» Exercise aim: Reproduce every line of the data, exactly and without its pictures.

+++ Dataset extract +++

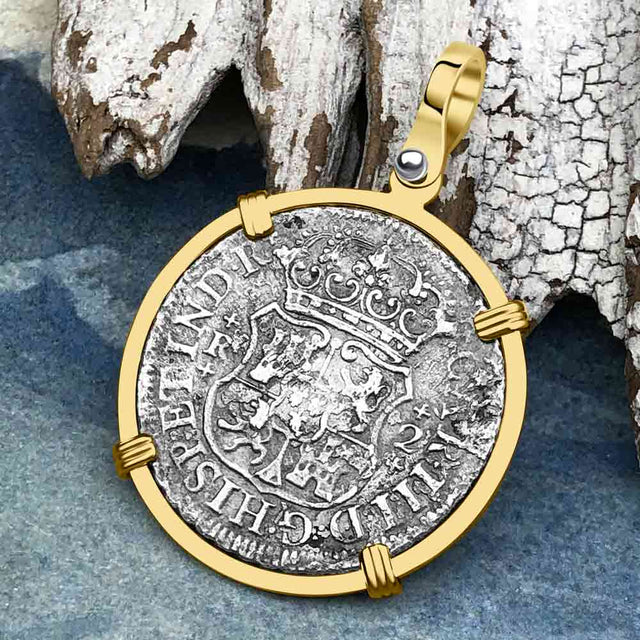 El Cazador Shipwreck 1771 RARE Pillar Dollar 2 Reale Piece of 8 14K Gold Pendant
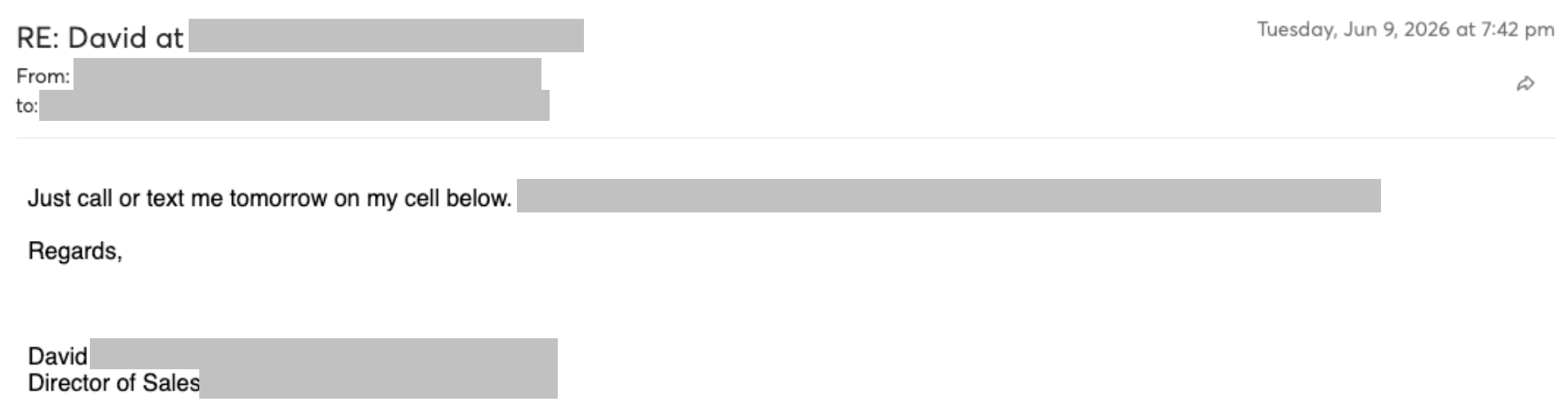 Reply screenshot: Prospect reply — client campaign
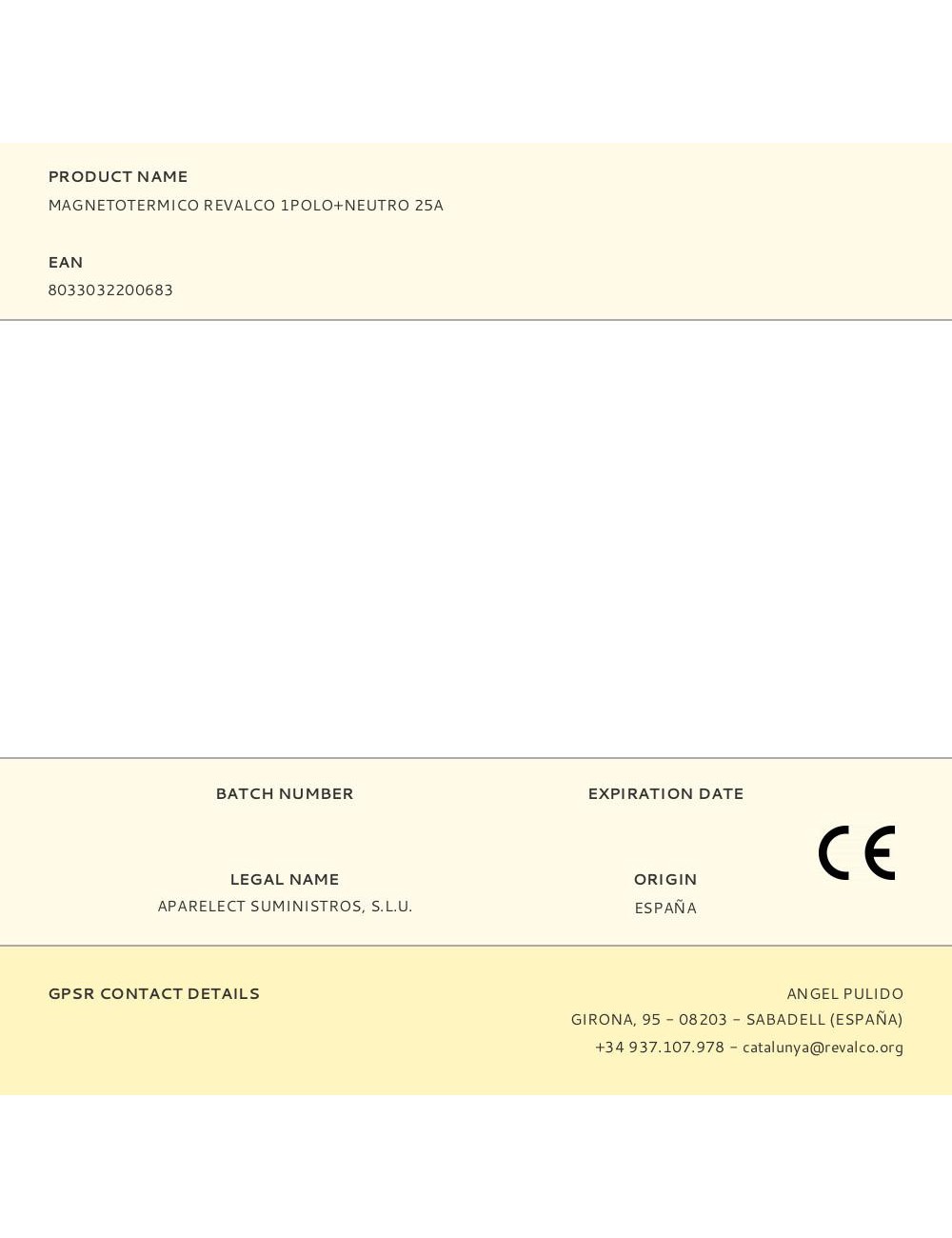 Magnetotermico revalco 1polo+neutro 25a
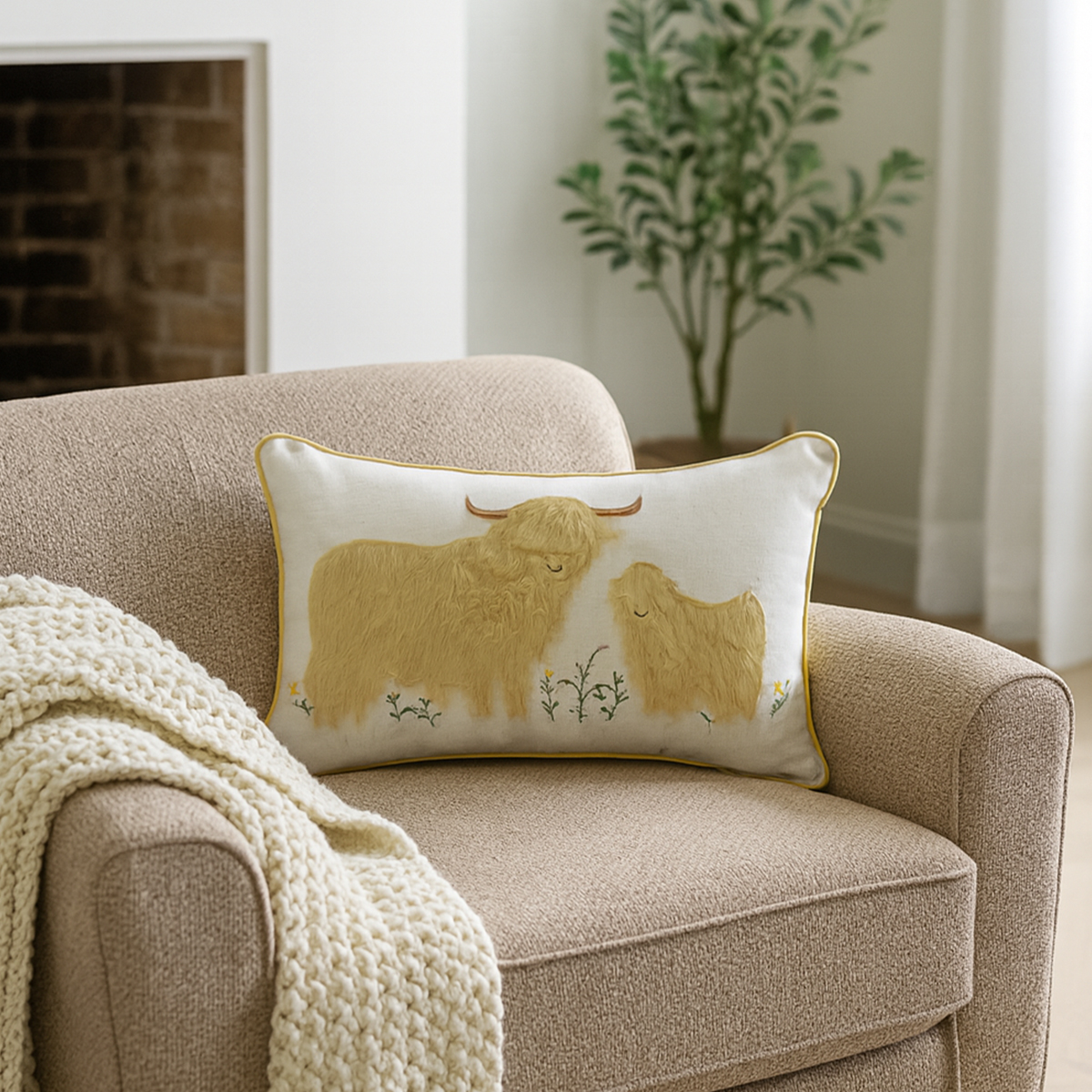 Braemar Natural Filled Cushion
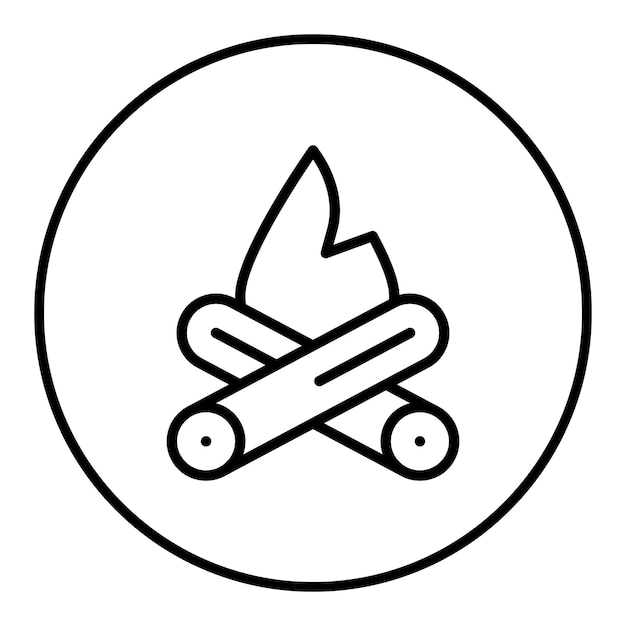 Imagen vectorial del icono de la fogata Se puede usar para diversión al aire libre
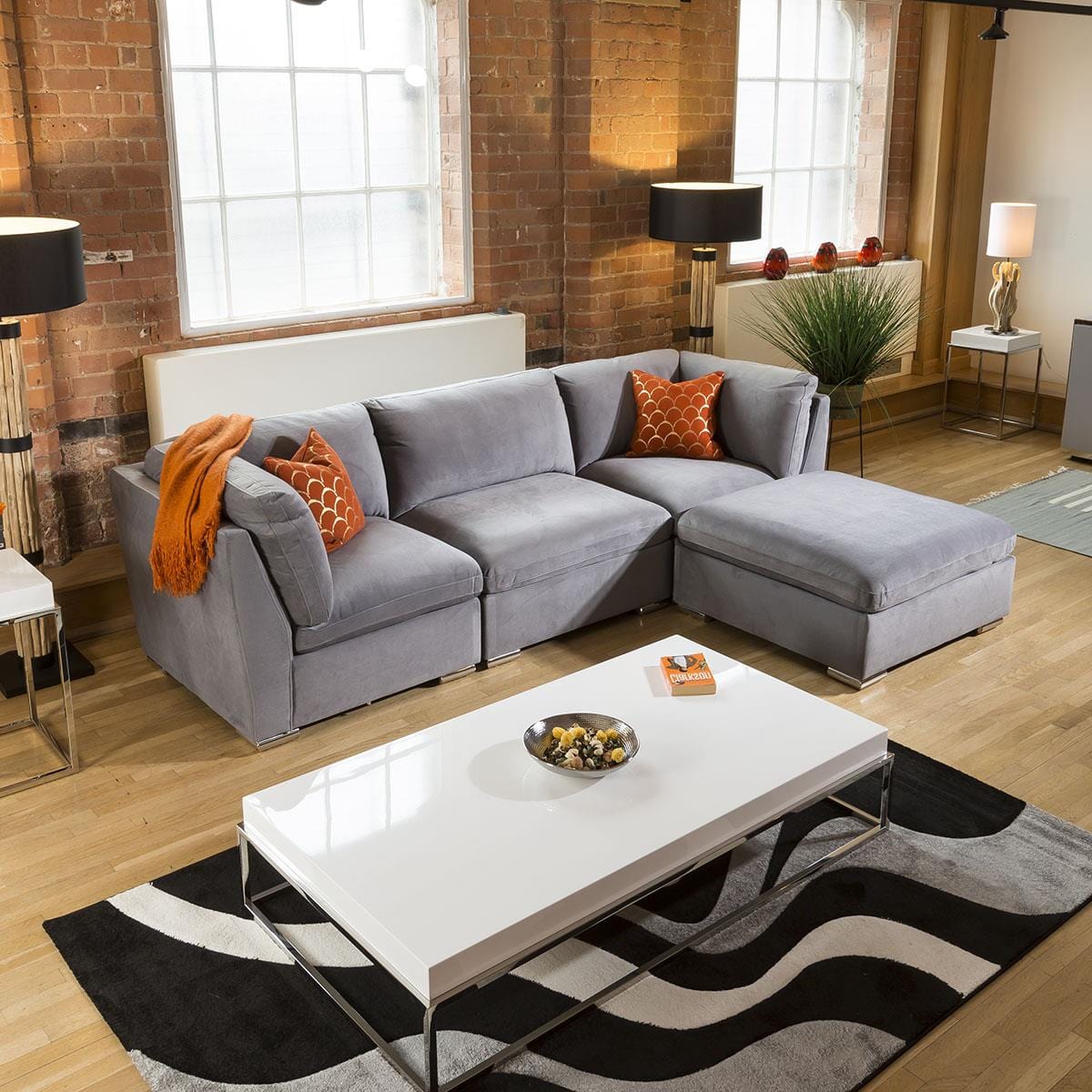 Super Comfy Charlotte Corner Sofa Medium Grey 4 Seater Open End 2R Living Room / Sofas / In Stock Sofas Sheffield Discount Furniture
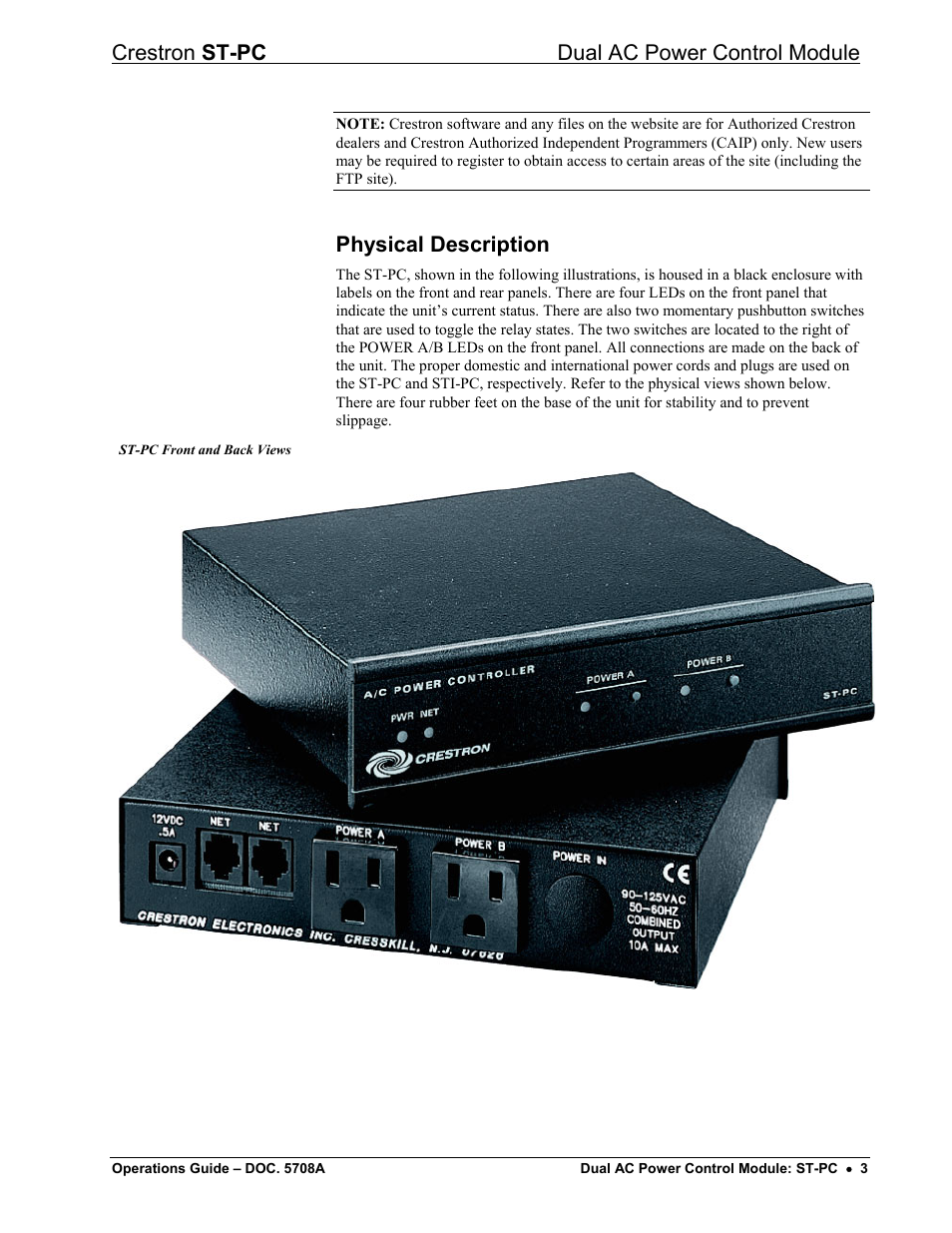 Physical description, Crestron st-pc dual ac power control module | Crestron electronic ST-PC User Manual | Page 7 / 24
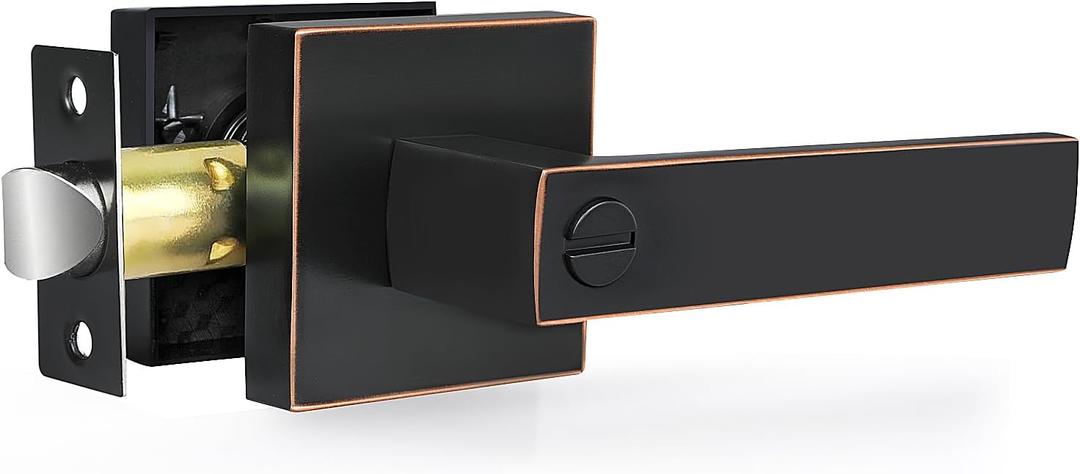 Privacy Door Levers, 1 Pack Oil Rubbed Bronze Door Handles Interior Heavy Duty Bed and Bath Keyless Door Locksets, Reversible for Left Right Handed Doors
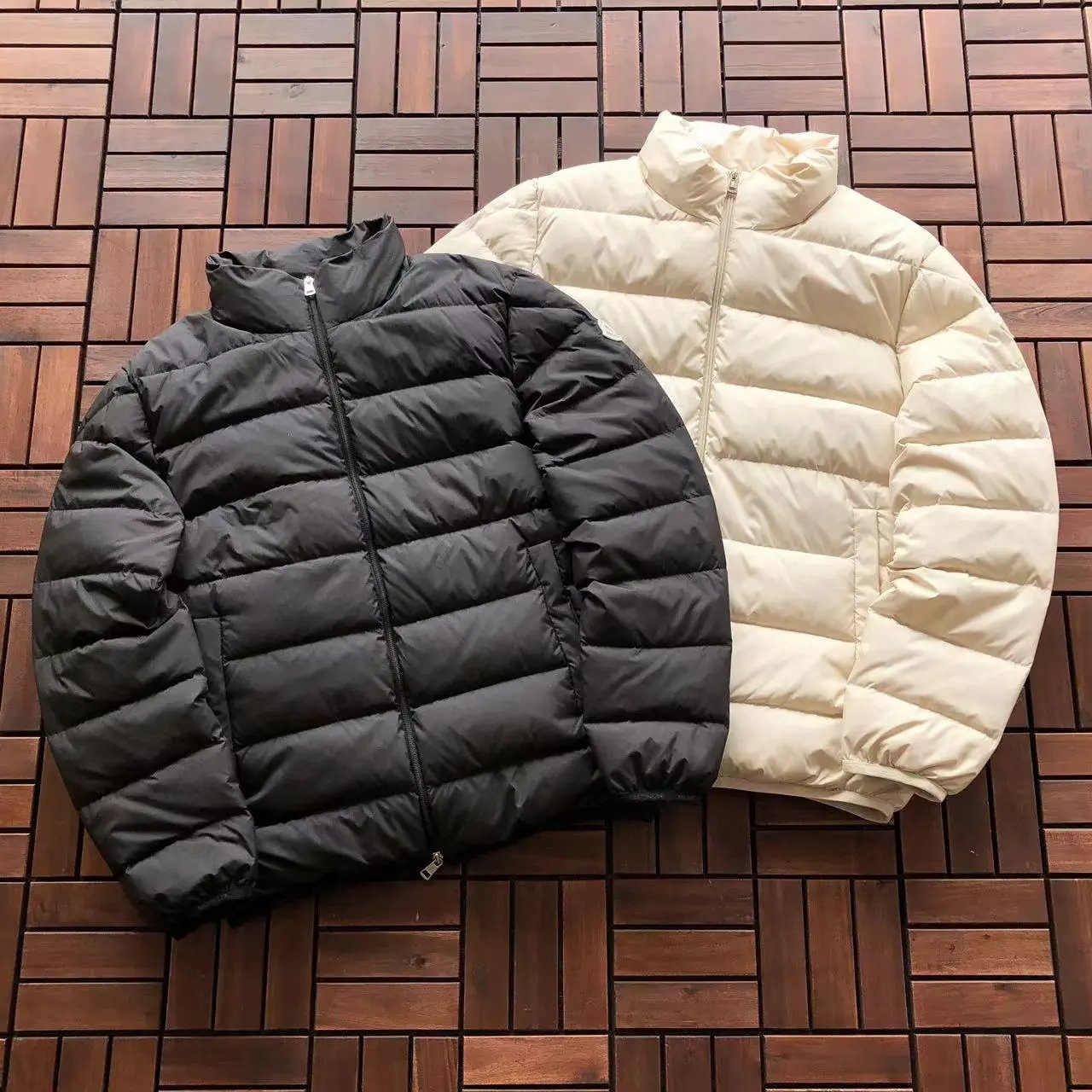 Moncler Maya Down Jacket Black with White and Red Stripe Trim - 4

+++

» Solution to this task:
 El Cazador Shipwreck 1771 RARE Pillar Dollar 2 Reale Piece of 8 14K Gold Pendant
 Reply screenshot: Prospect reply — client campaign
 Magnetotermico revalco 1polo+neutro 25a
 Braemar Natural Filled Cushion
 Imagen vectorial del icono de la fogata Se puede usar para diversión al aire libre
 Super Comfy Charlotte Corner Sofa Medium Grey 4 Seater Open End 2R Living Room / Sofas / In Stock Sofas Sheffield Discount Furniture
 Physical description, Crestron st-pc dual ac power control module | Crestron electronic ST-PC User Manual | Page 7 / 24
 Privacy Door Levers, 1 Pack Oil Rubbed Bronze Door Handles Interior Heavy Duty Bed and Bath Keyless Door Locksets, Reversible for Left Right Handed Doors
 Moncler Maya Down Jacket Black with White and Red Stripe Trim - 4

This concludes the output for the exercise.